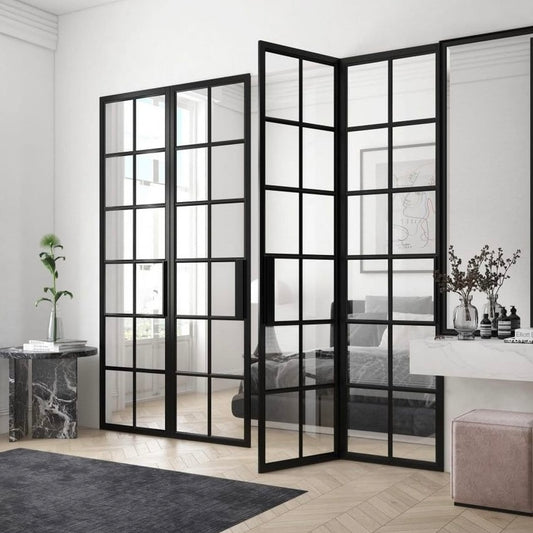 Rothnow® French Style Aluminum Door - 16x45 Series Interior Door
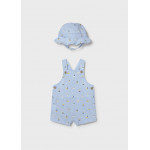 Mayoral Σαλοπέτα κοντή και καπέλο Μπλε 26-01611-015 Mayoral Σαλοπέτα κοντή και καπέλο Μπλε 26-01611-015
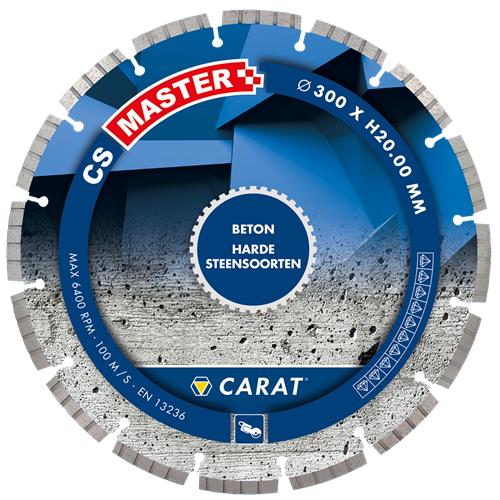 Carat diamantzaagblad ø300x20 cs master beton watergekoeld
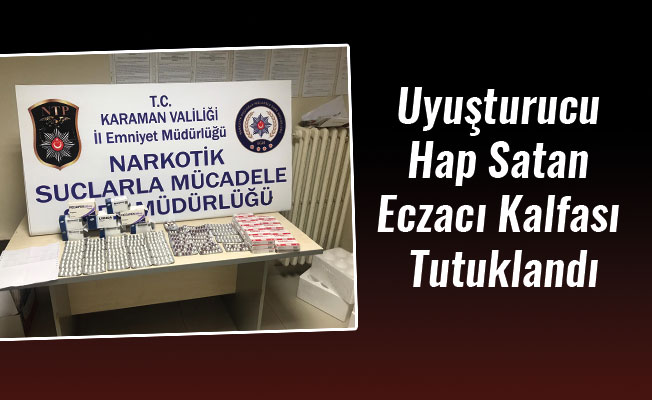 Uyuşturucu Hap Satan Eczacı Kalfası Tutuklandı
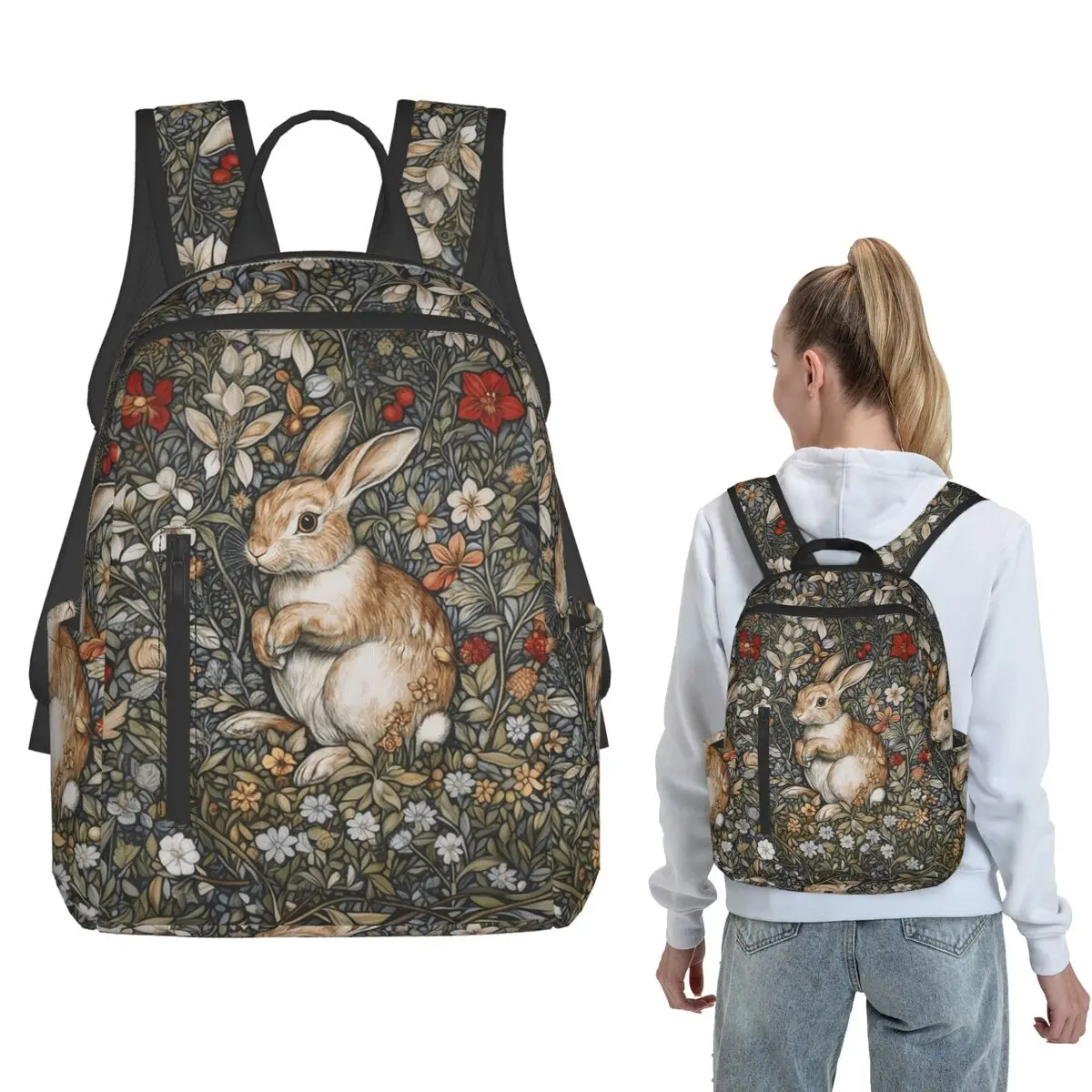 Vintage Flowers And Rabbit Backpack Large Capacity Children BookBag School Bag Shoulder Bags for Men Women
Vintage Flowers And Rabbit Backpack Large Capacity Children BookBag School Bag Shoulder Bags for Men Women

• _Task directions_
No pictures belong in the answer, only the lines from the top of the listing through the line containing "Uyuşturucu Hap Satan", repeated word for word.

• _Answer to the problem_
 Rothnow® French Style Aluminum Door - 16x45 Series Interior Door
 Mayoral Σαλοπέτα κοντή και καπέλο Μπλε 26-01611-015 Mayoral Σαλοπέτα κοντή και καπέλο Μπλε 26-01611-015
 Carat diamantzaagblad ø300x20 cs master beton watergekoeld
 Uyuşturucu Hap Satan Eczacı Kalfası Tutuklandı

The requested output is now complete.